• [WORK TO COMPLETE]: Without including any picture, transcribe the entries below word for word.

• [LISTED RECORDS]:
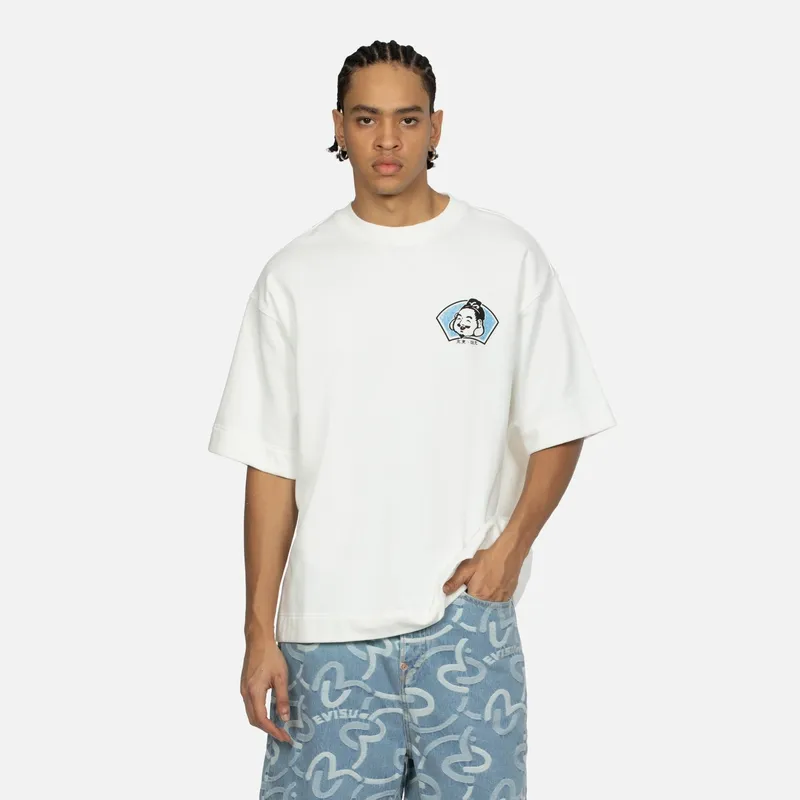 EVISU Sweatshirts Men White-3
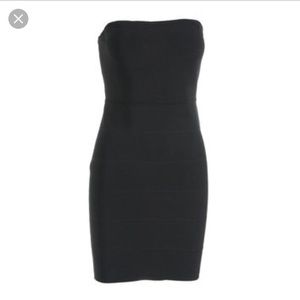 BCBG body con strapless dress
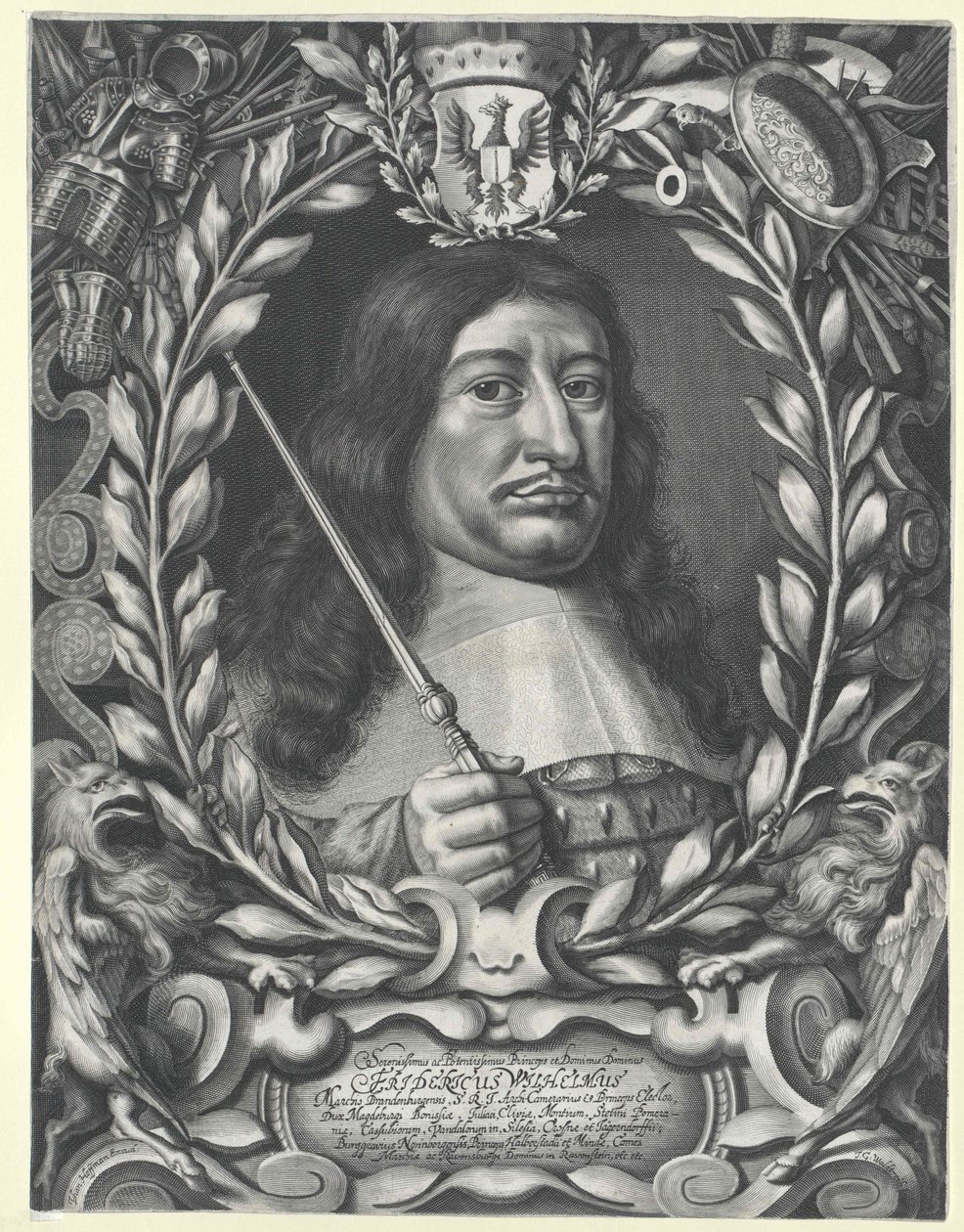 Kurfurste av Brandenburg Frederic Wilhelm av Artist Unknown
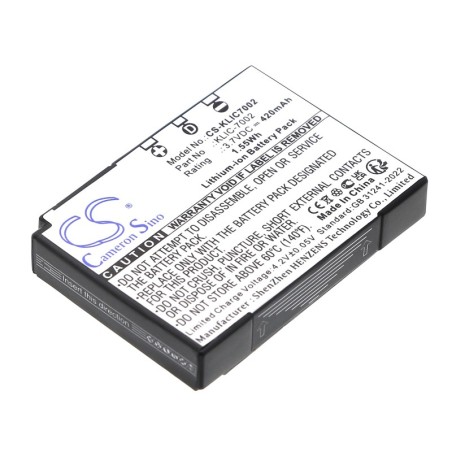 Batterie pour Kodak EasyShare V603 (420 mAh/1.55 Wh, 3.7 V)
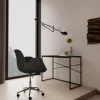 Giga Living Bureaustoel Alira Met Armleuning Donkergrijs - Clearance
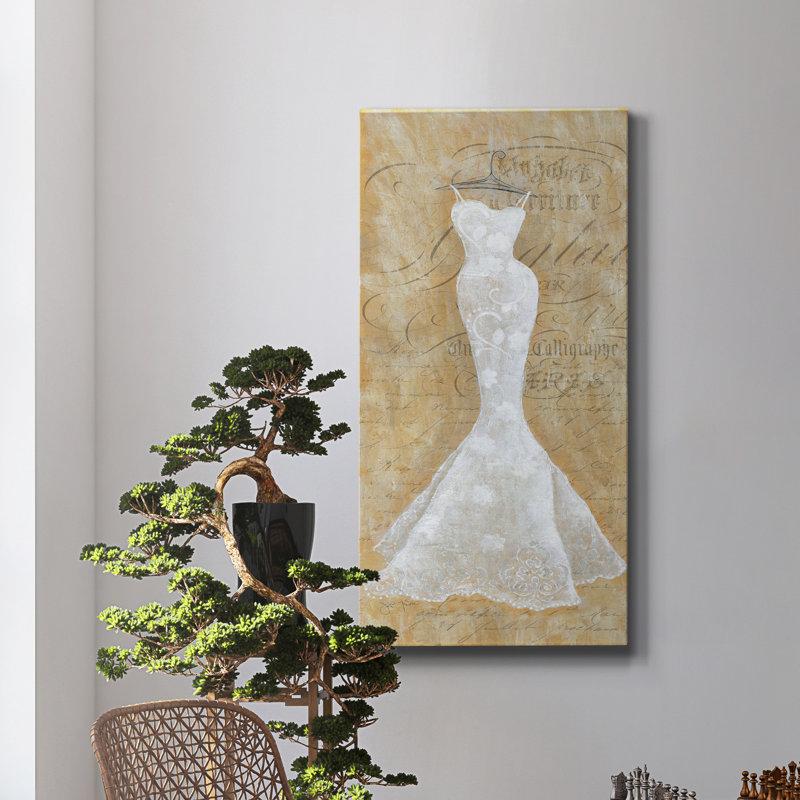 «Silver Wedding IV» - peinture sur toile tendue, H 40 po x l 20 po x P 1,5 po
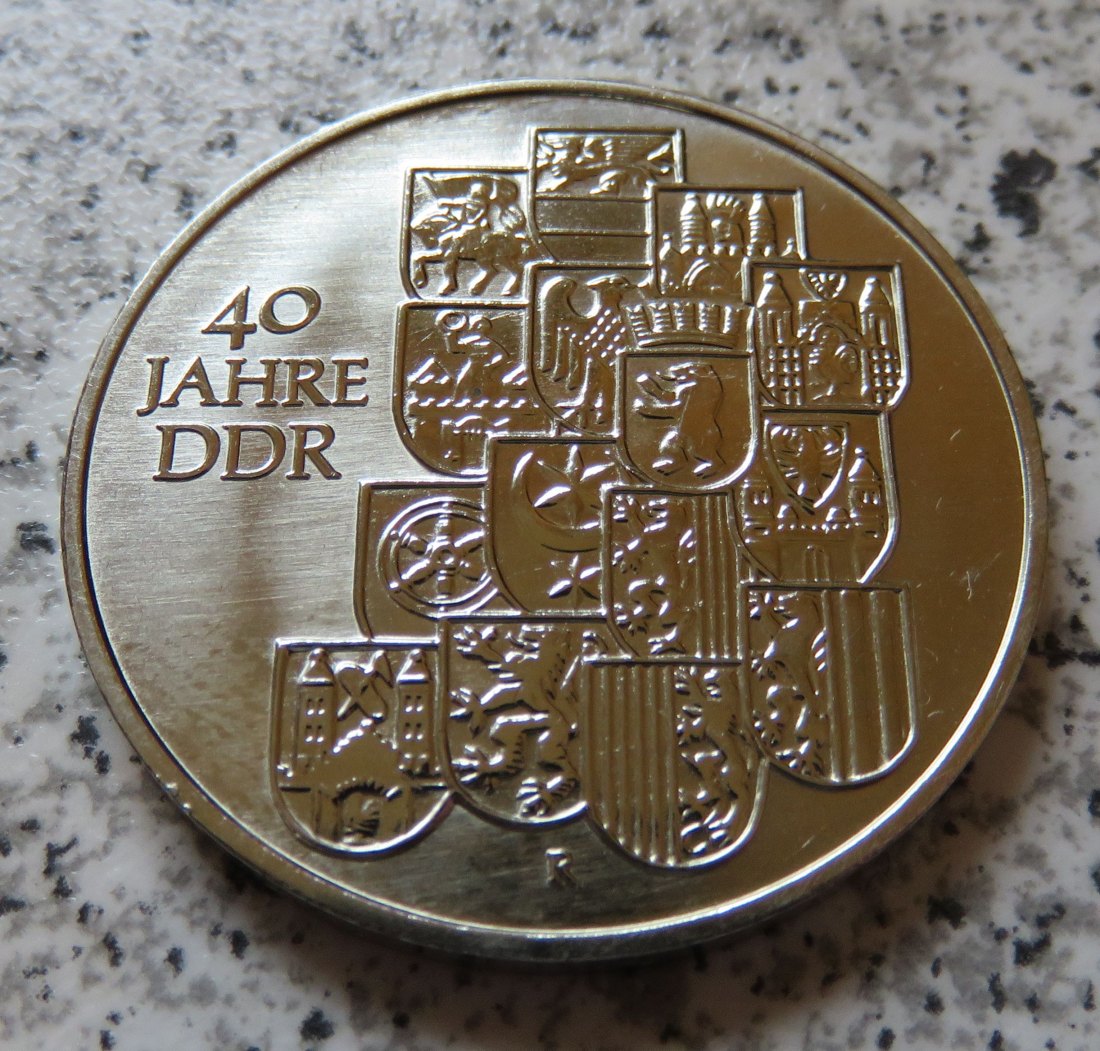  DDR 10 Mark 1989 40 Jahre DDR   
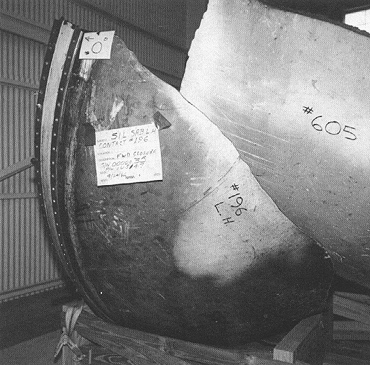 Photograph 34. Contact 196, LH Forward Segment, Forward Dome.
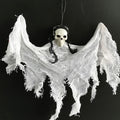 Halloween Hanging Skull Head Ghost Haunted House Escape Plastic Horror Props Ornament Party Decorations for Home Terror Scary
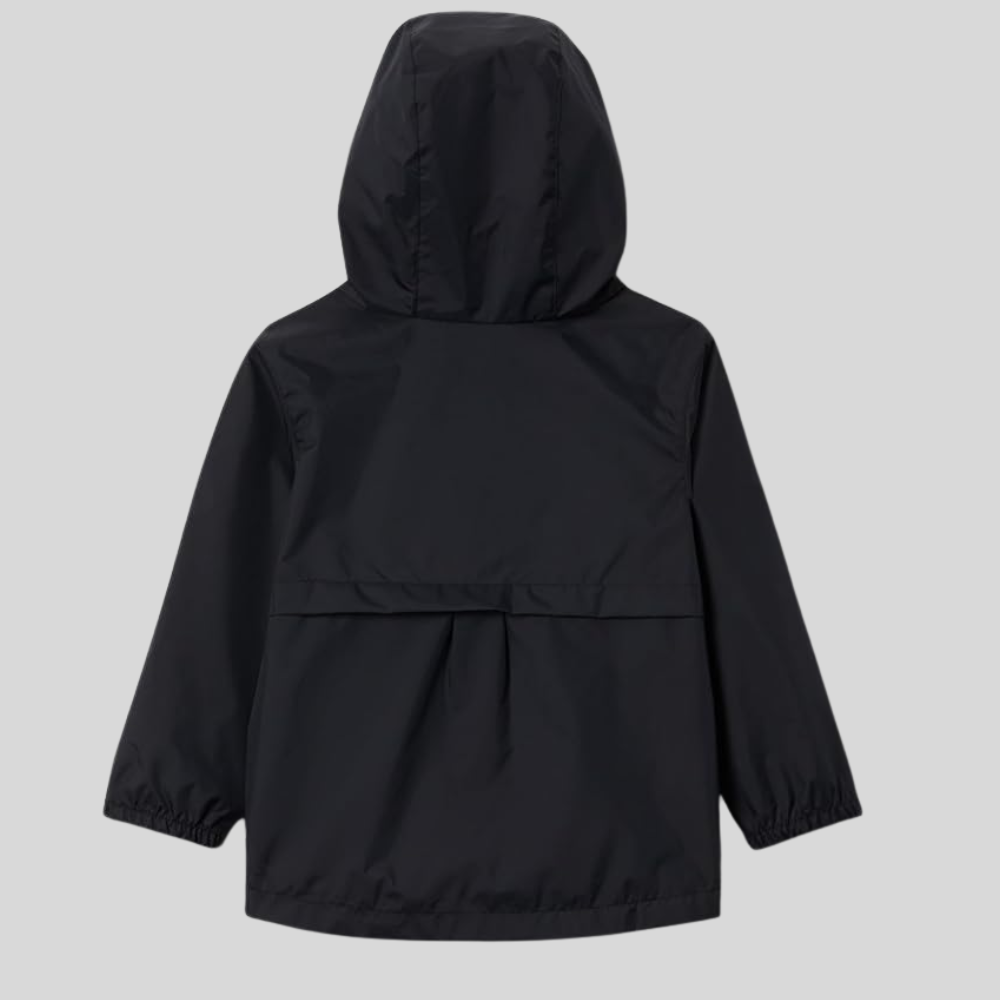 Girls Waterproof Hooded Rain Jacket Lightweight Nylon Coat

• [THE ANSWER]:
 EVISU Sweatshirts Men White-3
 BCBG body con strapless dress
 Kurfurste av Brandenburg Frederic Wilhelm av Artist Unknown
 Batterie pour Kodak EasyShare V603 (420 mAh/1.55 Wh, 3.7 V)
 Giga Living Bureaustoel Alira Met Armleuning Donkergrijs - Clearance
 «Silver Wedding IV» - peinture sur toile tendue, H 40 po x l 20 po x P 1,5 po
  DDR 10 Mark 1989 40 Jahre DDR   
 Photograph 34. Contact 196, LH Forward Segment, Forward Dome.
 Halloween Hanging Skull Head Ghost Haunted House Escape Plastic Horror Props Ornament Party Decorations for Home Terror Scary
 Girls Waterproof Hooded Rain Jacket Lightweight Nylon Coat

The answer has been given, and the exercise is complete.